Simone le pide a Sir Edmond que extraiga un ojo del cadáver de un cura al que ella misma acaba de estrangular mientras copulaba con él por la fuerza. Se explica: “–Quiero divertirme con él.”

Y así describe Bataille el juego de Simone, en su conmovedora Historia del ojo: “Acariciándose las piernas, deslizó por ellas el ojo. ¡La caricia del ojo sobre la piel es de una suavidad excesiva… acompañada de una espeluznante sensación de horror!”

Tal vez ahora cobre su sentido pleno el uso repetido de la palabra ojeada en este texto.

Última ojeada

Un pene tieso. Ese que no es bello y ni siquiera me apetece mucho, pues pertenece a una estirpe indeseable: El bienestar de los demonios. De este libro del pintor y poeta Víctor Mira, extraigo un miembro oscuro, dolido, pero muy desnudo, con esa falta de tapujo que apunta hacia una verdad.

Pene tieso
Qué importa que se te ponga tiesa
porque se la metas
o porque te la zarandeas con la mano.
El asunto siempre fue oscuro
pero ahora realmente carece de luz.
Cuando está dentro
y ha pasado la primera calor,
si no te mueves, un acto de luna.
Si no lo ves, un acto de marte.
Si no sientes amor
–ni pegando golpes sobre los senos
como si fuesen tambores–,
un acto de dolor.
Las entrañas de ella
siempre huidizas,
ni frío, ni calor.
El pene metido en el corazón.6

NOTAS

1 Ullán, José-Miguel. Amo de llaves. Madrid: Losada, 2004, p. 79.

2 Barnes, Djuna. El bosque de la noche. Trad. Maite Cirugeda. Barcelona: Seix Barral, 2003, p. 124.

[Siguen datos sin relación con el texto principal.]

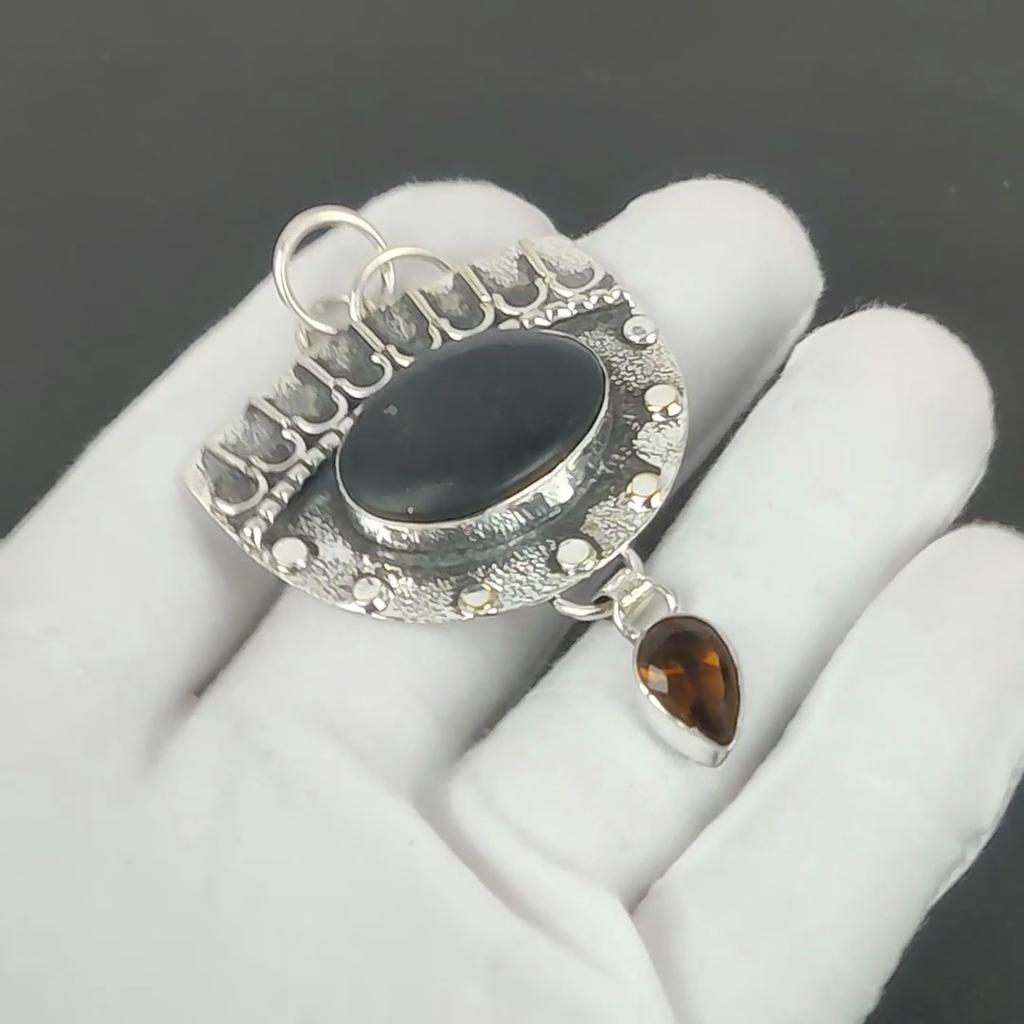 Black Obsidian Pendant, 925 Sterling Silver Handmade Jewelry, Smoky Topaz Silver Pendant, Party Wear Jewelry For Women's, Pendant Wadding Gift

3 Barthes, Roland. Fragmentos de un discurso amoroso. Trad. Eduardo Molina. Madrid: Siglo XXI de España Editores, 1999, p. 80.

4 Pessoa, Fernando. “Oda Marítima”. En Poemas de Álvaro de Campos. I Arco de Triunfo. Trad. Adolfo Montejo Navas. Madrid: Hiperión, 1998, pp. 157, 161, 163, 165 y 167.

5 Celan, Paul. “Habla también tú”. En De umbral en umbral. Trad. Jesús Munárriz. Madrid: Hiperión, 2000, p. 103.

6 Mira, Víctor. El poeta muerto 1972-1990. Madrid: Ediciones Libertarias, 1995, p. 53.

Ojeadas al porno es una conferencia leída en el Museo de Arte Contemporáneo de Barcelona, formando parte de “Tecnologías de género”, en 2004.